Jack Langriche mentions "Claudia and the Countess have embroidered the tabs in gold: Thalia and Melpomene". Thalia and Melpomene are two of the nine muses. The two are the muses of comedy and tragedy, respectively. The two often represent the theatre.
During the scene in the Bullock home, in which Seth (Timothy Olyphant) and Martha (Anna Gunn) argue, David Milch wanted Olyphant to more emphatically deliver his line as he puts his coat on and storms out. Milch finally instructed him to put his coat on "like a flaming homosexual" before leaving.
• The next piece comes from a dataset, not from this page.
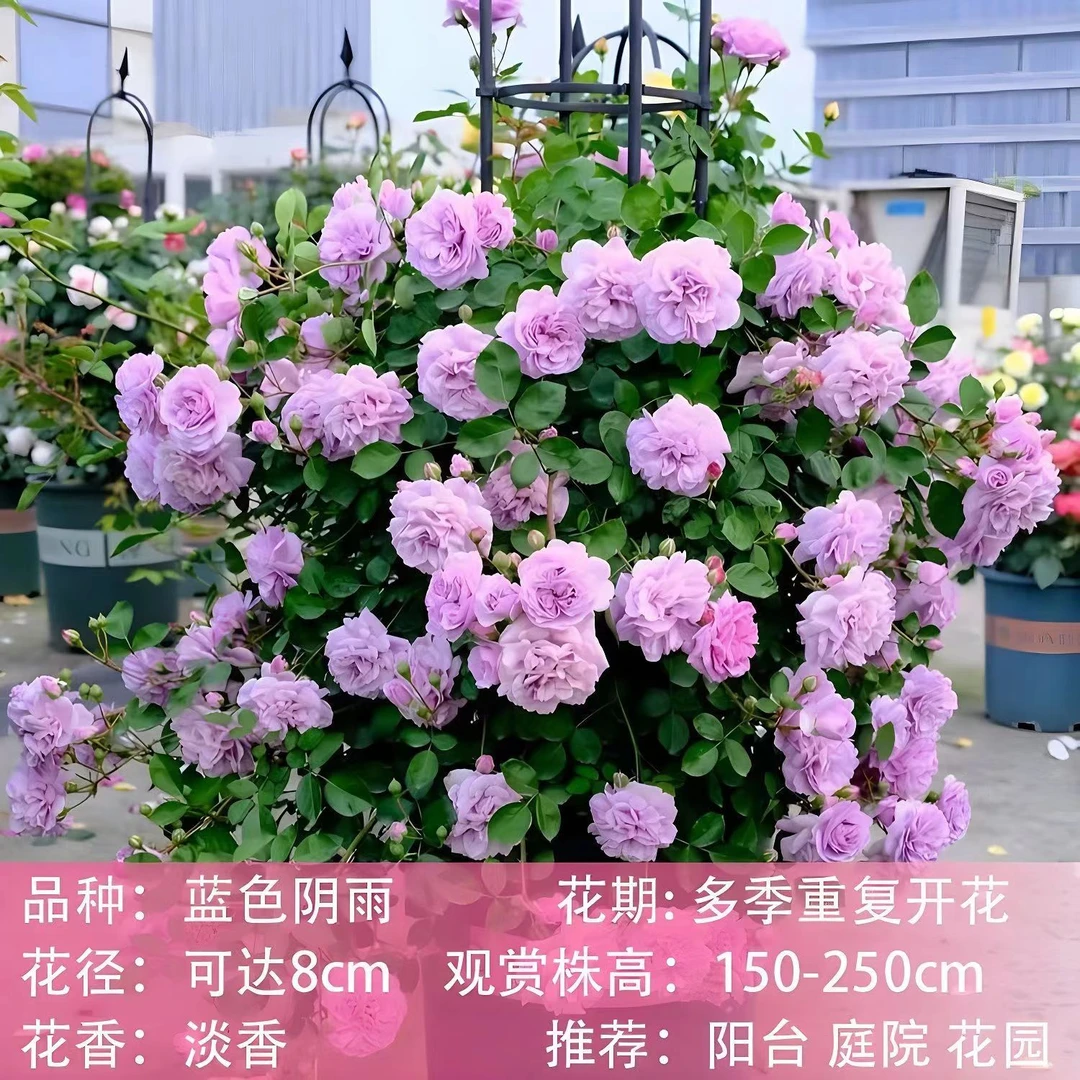 【蓝色阴雨】爬藤月季花苗藤本浓香四季好养活庭院阳台盆栽地栽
While talking with Al, Langrishe compares attacking George Hearst to harpooning a whale, and mentions "the sleigh-ride that follows." He is referring to a Nantucket sleigh-ride, an experience known to 19th-Century whalers in which, when a whale is harpooned from a small boat, the whale would try to escape, dragging the boat through the water by the harpoon-rope until it became exhausted.
This is the second time that a character played by Powers Boothe has faced Wyatt Earp. Boothe played Curly Bill Brocius in Tombstone (1993).